YOUR INSTRUCTIONS:
In your copy, reproduce each entry exactly and include no picture.

PROVIDED RECORDS:
•••
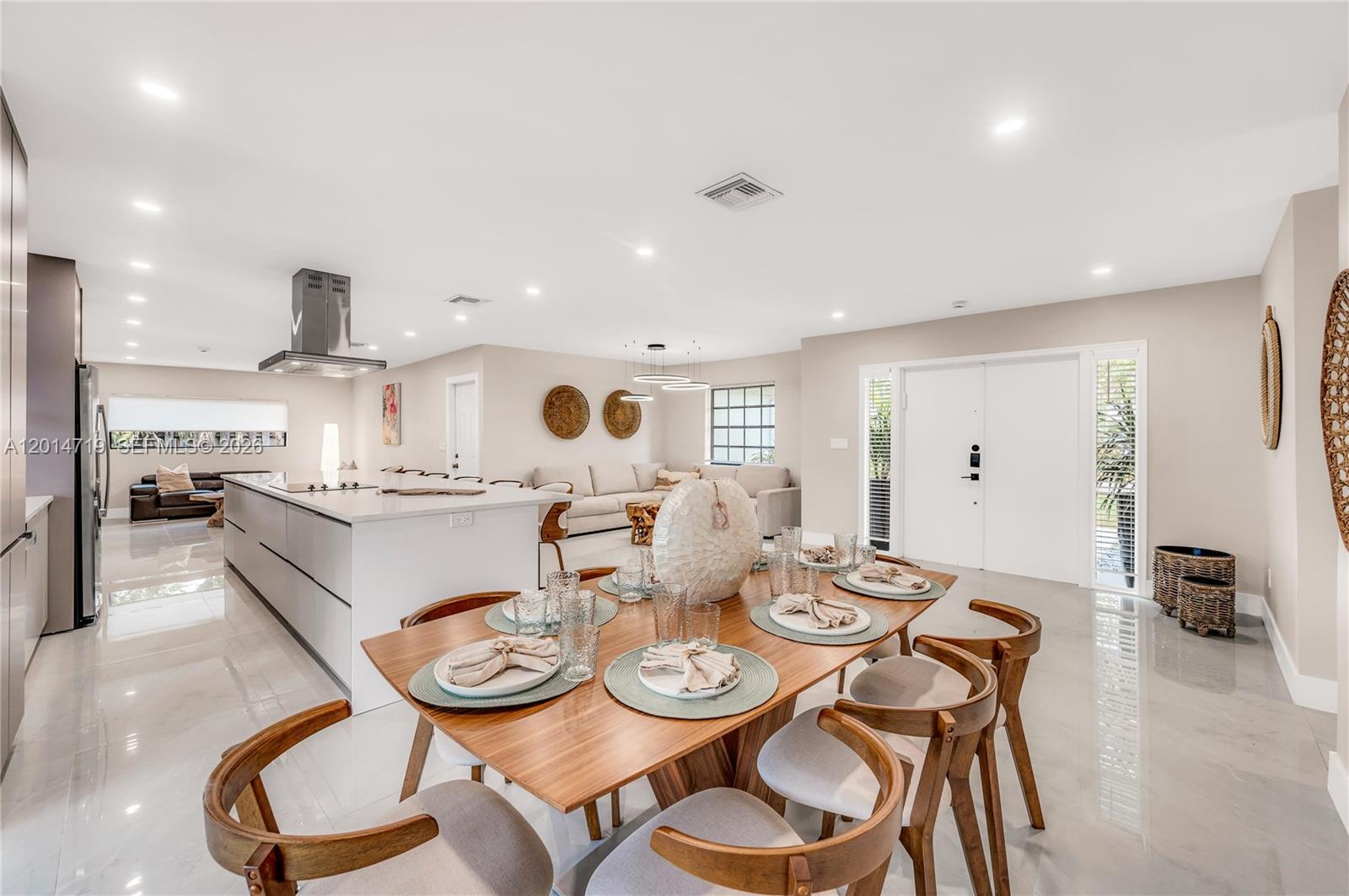 MIRROR LAKE ESTATES SEC T - Residential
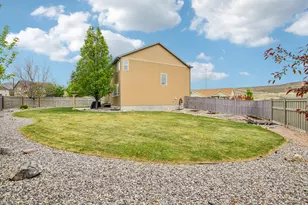 8761 N Durham Ct, Eagle Mountain, UT 84005 - Photo 43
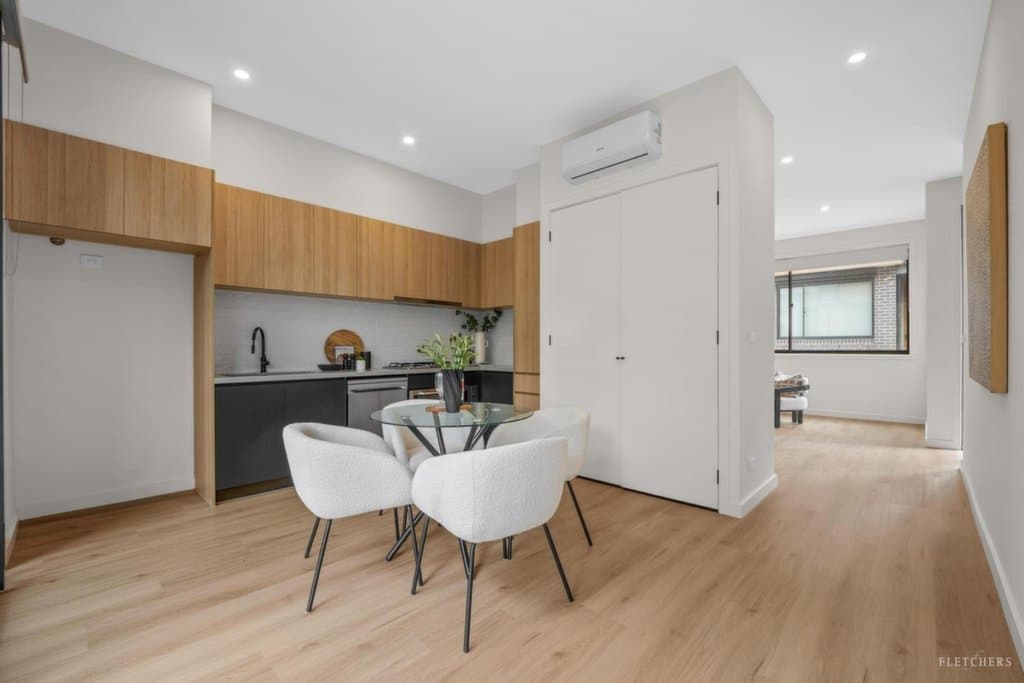 6/2-4 Rathcown Road, Reservoir - Thumbnail 3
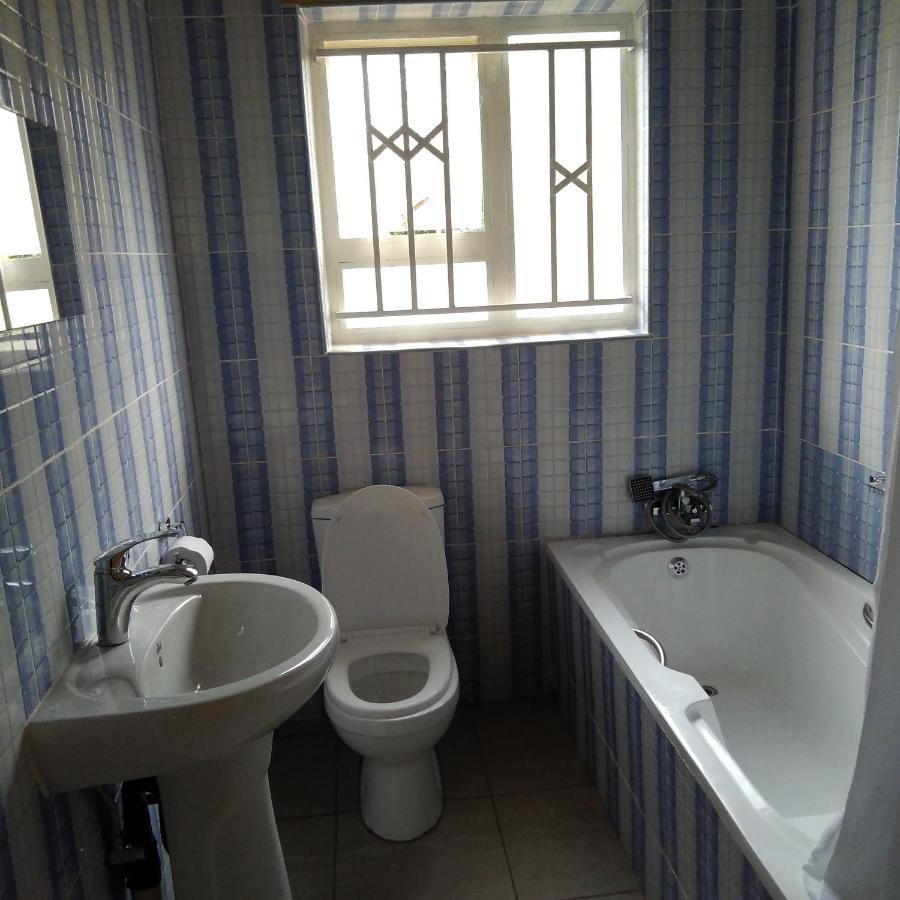 The Crown Inn Guest House Northwood 外观 照片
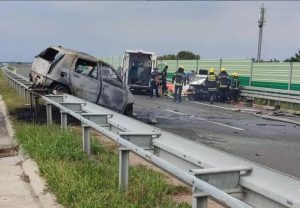 Vozilo “nestalo” u plamenu: Stravični prizori nakon nesreće na auto-putu VIDEO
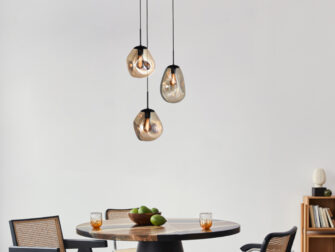 hanglamp van glas en metaal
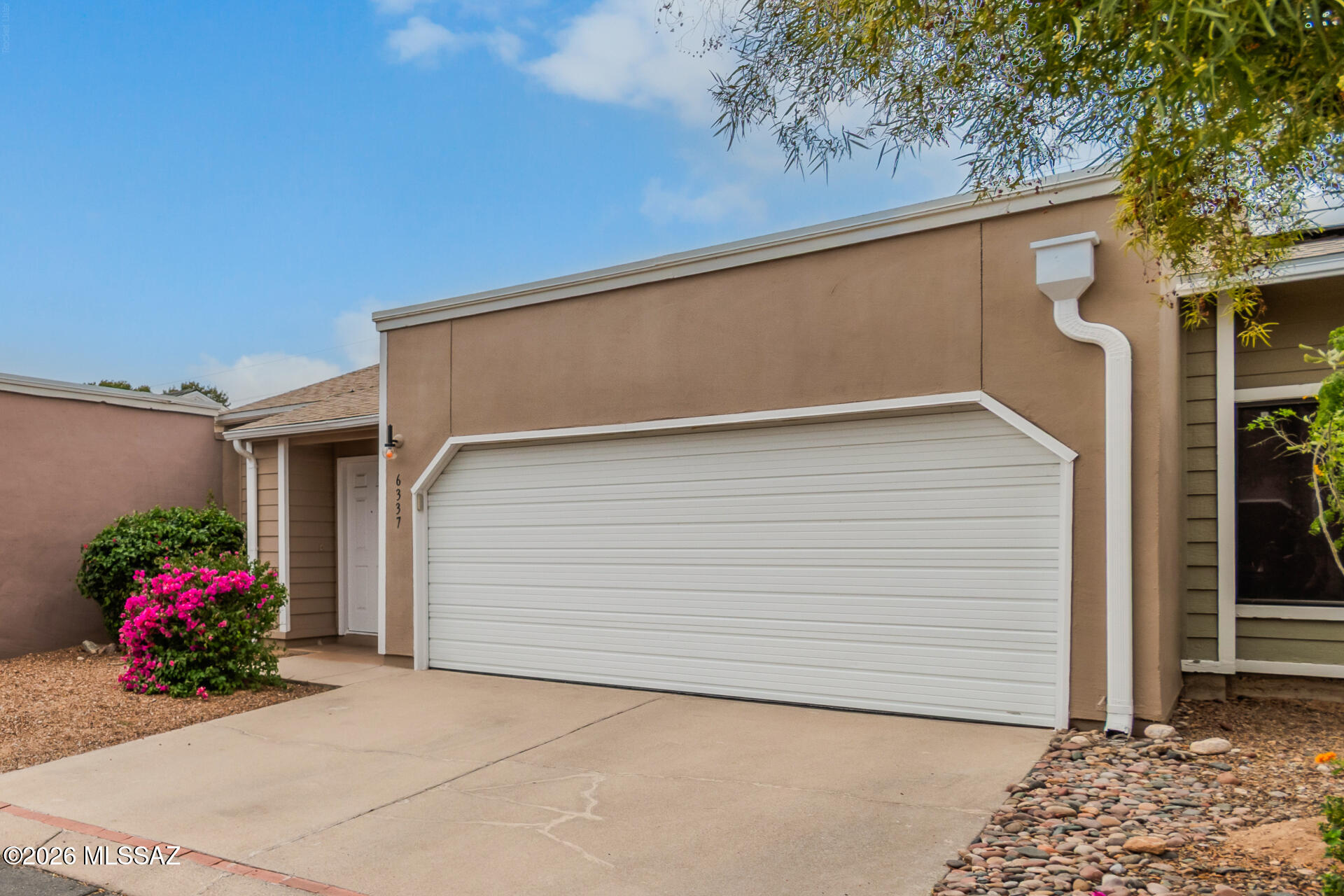 6337 N Willowbrook Drive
•••
RESULT OF THE TASK:
 MIRROR LAKE ESTATES SEC T - Residential
 8761 N Durham Ct, Eagle Mountain, UT 84005 - Photo 43
 6/2-4 Rathcown Road, Reservoir - Thumbnail 3
 The Crown Inn Guest House Northwood 外观 照片
 Vozilo “nestalo” u plamenu: Stravični prizori nakon nesreće na auto-putu VIDEO
 hanglamp van glas en metaal
 6337 N Willowbrook Drive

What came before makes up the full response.